Tandis qu’elle se complaisait dans ces rêves, elle faisait de fréquentes visites à la vieille Alix, espérant qu’il serait facile de l’amener à parler sur un sujet qu’elle avait maintenant laissé imprudemment s’emparer d’une grande partie de ses pensées. Mais Alix ne satisfit point à cet égard ses désirs et son attente. La vieille aveugle parlait volontiers, et avec un sentiment d’enthousiasme, de la famille en général, mais elle semblait observer la plus grande réserve au sujet du représentant actuel en particulier. Le peu qu’elle en disait n’était pas très-propre à laisser à Lucy une idée favorable de ce jeune homme ; car elle donnait à entendre qu’il était d’un caractère dur, incapable de pardonner une injure, et plus disposé au contraire à en conserver le ressentiment. Lucy éprouvait les plus grandes alarmes, en rapprochant ce qu’elle entendait dire des dangereuses qualités d’Edgar, de l’avertissement qu’Alix avait donné d’un ton si solennel à son père, de se méfier de Ravenswood.

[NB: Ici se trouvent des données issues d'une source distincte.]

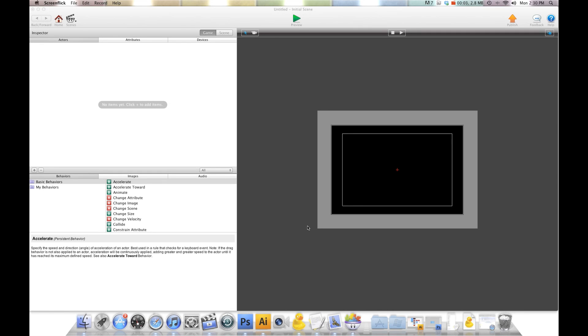Hey there everybody, T-Shirt Booth here for GSHelper.com. In this video I'm going to show you how to swipe your screen to move an actor, and we're going to do up, down, left, and right.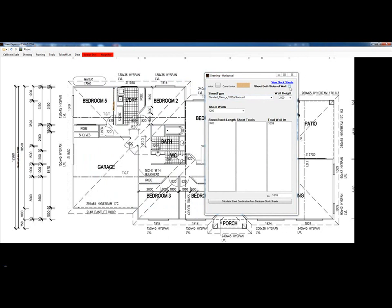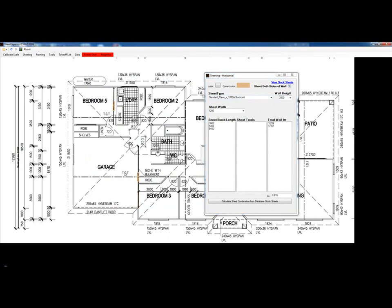For sheeting both sides, for example this wall down here, it is best to draw the line on top of the wall. It indicates that we have sheeted both sides. I will put one more here.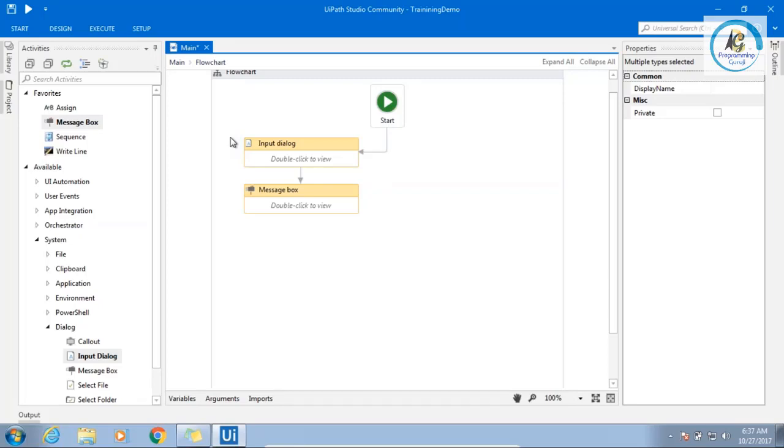Now everyone got clear. What is attended? What is unattended? When there is a human interaction, it is attended. When there is no human interaction, it is running without any human intervention. It is unattended automation. Got it, everyone?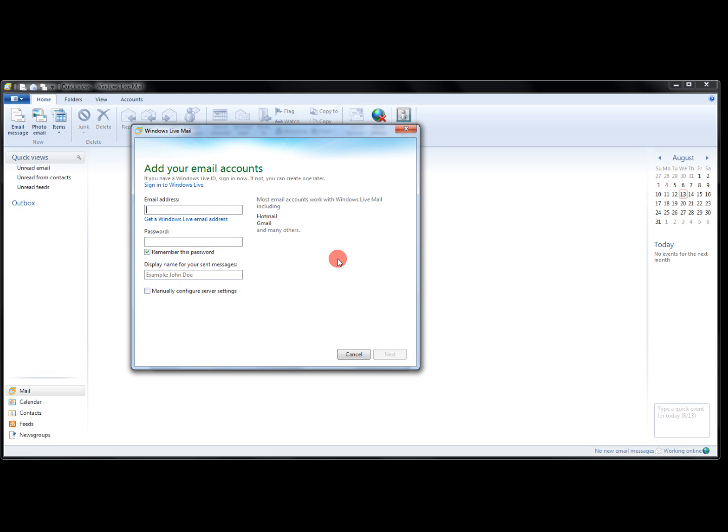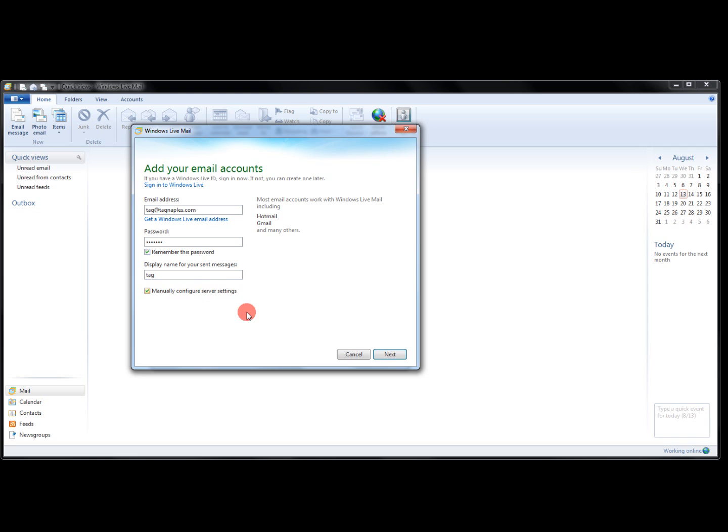So we're going to type in our necessary information for wherever our email is hosted. We're going to manually configure our server settings.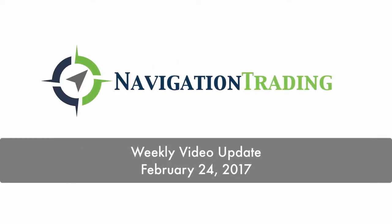Hey everyone, welcome to this week's video update. Today's Friday, February 24th. Hope everybody had an excellent week of trading.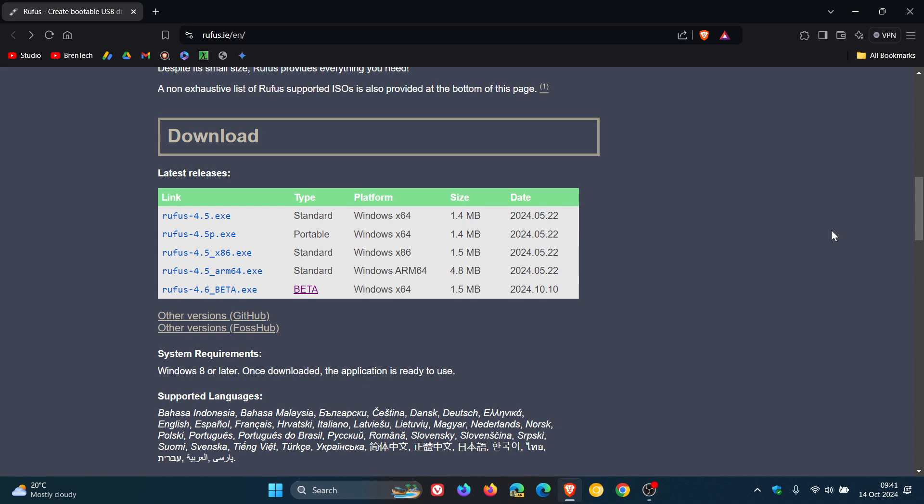And just take note though, although Rufus 4.6 has the bypass now to install Windows 11 24H2 on unsupported hardware, as I've posted previously, if your PC does not support SSE 4.2, which is a CPU requirement, that is still blocked by Microsoft. Rufus will not help with that. That is completely blocked by Microsoft.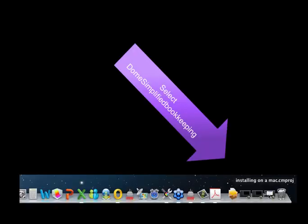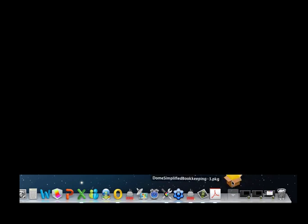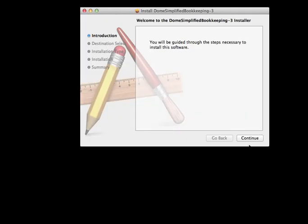Once the program is finished downloading, select Downloads from your taskbar, and then select the program Dome Simplified Bookkeeping. This will start the installation process and walk you through the installation.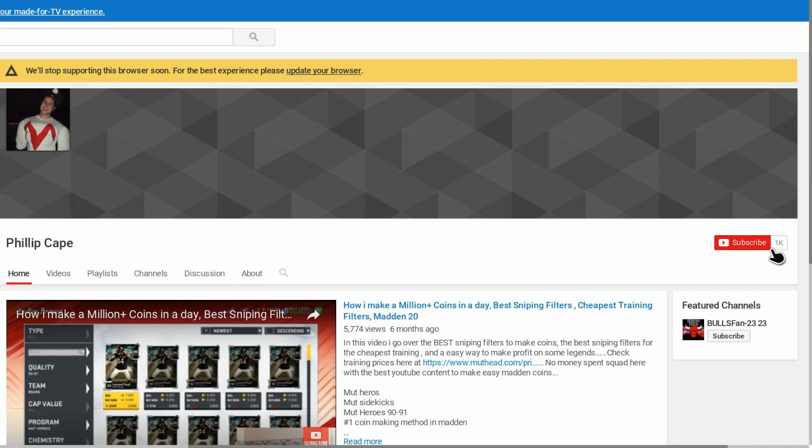Channel helping you guys out with your Madden Ultimate Team, showing all sorts of things: pack openings, how to make coins, sniping filters, everything - just help with Ultimate Team and other games in general too.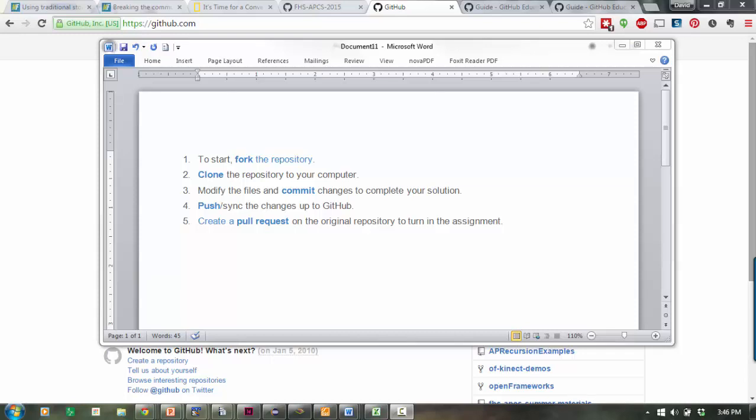Greetings, AP Computer Science students. Let's practice using Git before I have you download your actual project using Git. These are the steps.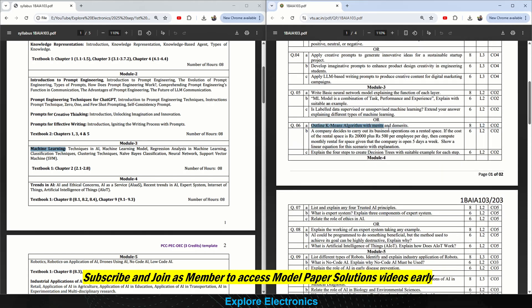In the choice question of Module 3: outline the K-means algorithm with metrics and distance metrics — very important. Also, Naive Bayes, neural network, and support vector machine are important algorithms to explain. A problem-type question is also given: a company rents space at a base cost plus 5,000 per day plus 5,000 per employee per day — compute the monthly rental given the company opens five days a week, as a linear equation for six marks. Then: explain four steps to create decision trees with a suitable example, also for six marks.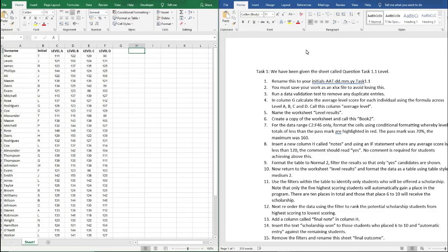Hello and welcome back to Ms Finance. Today we're going to have a look very quickly at a spreadsheet task to help with your understanding of any Excel exam or synoptic that you're currently studying towards.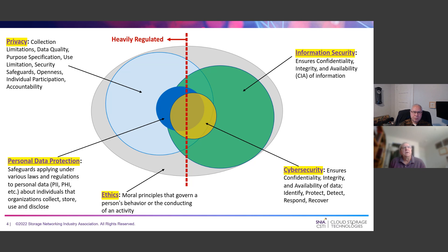On the right-hand side, we see information security and cybersecurity. Information security is very broad. It hails back to essentially three tenets: confidentiality, integrity, and availability. It's not restricted to the digital domain — paper is still a thing — and that broader scope is important to note. It covers things like employee training and a really wide range of activities.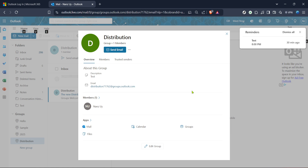And that's it — you've successfully set up a distribution list in Outlook. From this point on whenever you want to send an email to multiple recipients in your group you just need to enter the group name in the recipient field and all of them will receive your message. It streamlines your workflow and makes communicating with a select set of people quicker and simpler.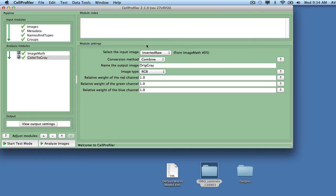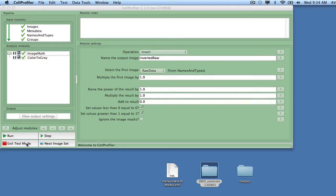To see the effect of a module, click on Start Test Mode. It is now possible to step through the analysis pipeline and monitor the output at each step.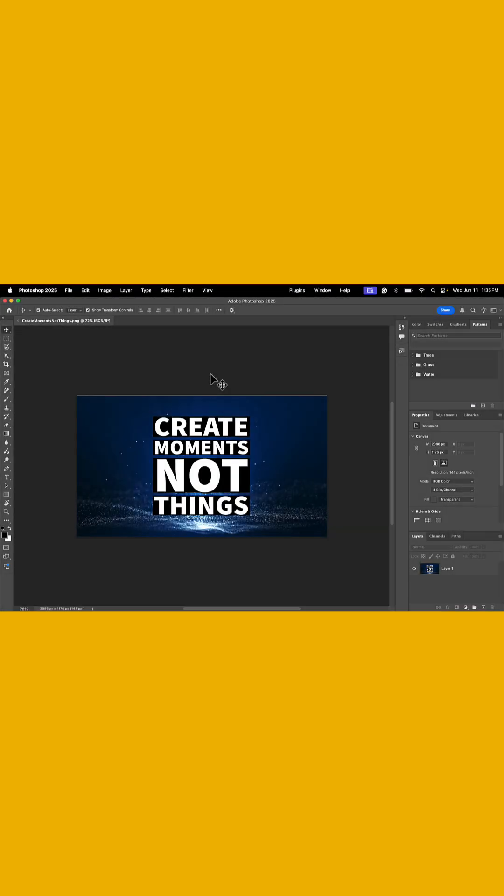Hey, what's up everybody? In this lesson, I'm going to show you a hidden feature that's going to do wonders if you're trying to identify any colors, any fonts, or even create patterns at a click of a button.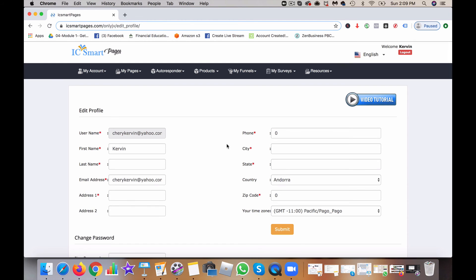so that you can become an affiliate and begin to get paid automatically without having to go through a process because you didn't fill out your profile correctly.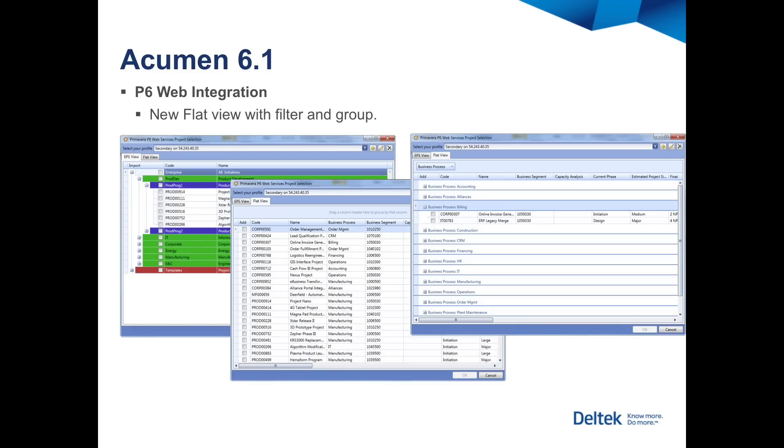Users who access P6 projects through web services will encounter new import selection options with the ability to filter and group projects so that they can easily navigate and select from the project database for analysis in the Acumen software.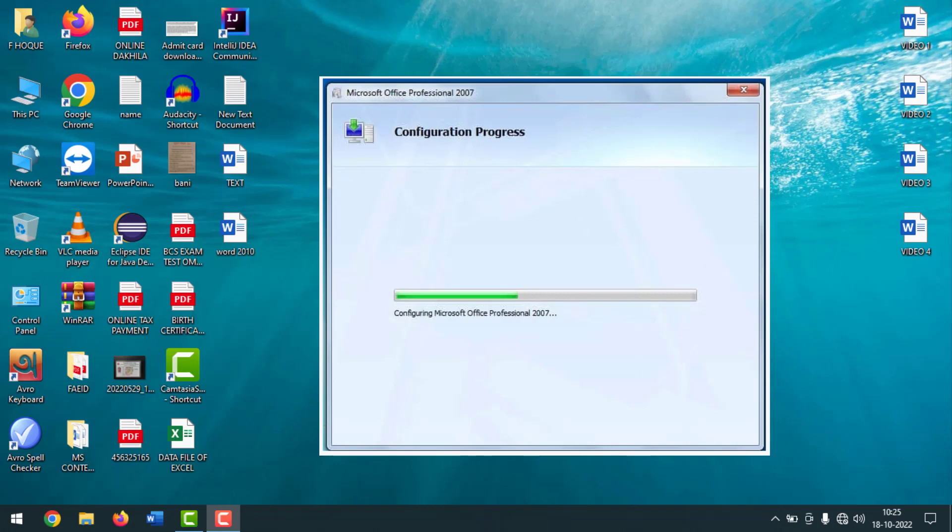To stay tuned with me, please follow my Facebook page. You will get the link in description box. Now I'm going to start the main work.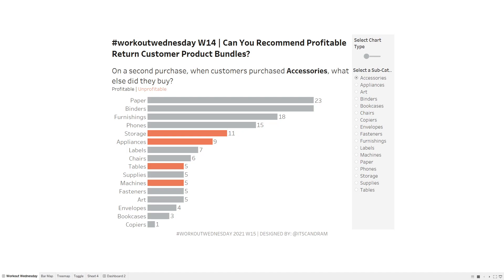Hello and welcome to Workout Wednesday 2021 Week 14 Solution Guide. In this week's challenge, we wanted to build a market basket analysis where a user could actually see what other subcategories are purchased when someone purchases accessories on their second purchase. This is pretty powerful when you're trying to figure out what products you should bundle together — for example, if customers tend to purchase paper when they purchase accessories, that could be a good bundle combination idea.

Mais ce même Ravenswood, sur lequel on avait conçu des soupçons aussi injustes, les avait réfutés presque aussitôt après qu’ils avaient été exprimés, en sauvant tout à la fois la vie du père et de la fille. S’il eût nourri d’aussi noirs projets de vengeance, comme on semblait l’insinuer, il n’était pas nécessaire de commettre un crime pour satisfaire complètement cette cruelle passion. Il suffisait de suspendre un seul instant le secours indispensable qu’il avait donné d’une manière si efficace, et l’objet de son ressentiment aurait péri, sans aucune agression directe de sa part, par une mort aussi épouvantable qu’elle était certaine. Elle pensait donc que des préventions secrètes, ou les soupçons que la vieillesse et le Malheur sont facilement disposés à concevoir, avaient porté Alix à former un jugement offensant pour le caractère du maître de Ravenswood, et qui ne pouvait se concilier avec la générosité de sa conduite et la noblesse de ses traits. C’était sur cette conviction que Lucy fondait ses espérances : aussi continua-t-elle à travailler à son tissu fantastique et enchanteur, aussi beau et aussi passager que celui de ce duvet que l’on voit voltiger dans les airs, couvert des perles de la rosée du matin, et brillant aux rayons du soleil qui vient de paraître.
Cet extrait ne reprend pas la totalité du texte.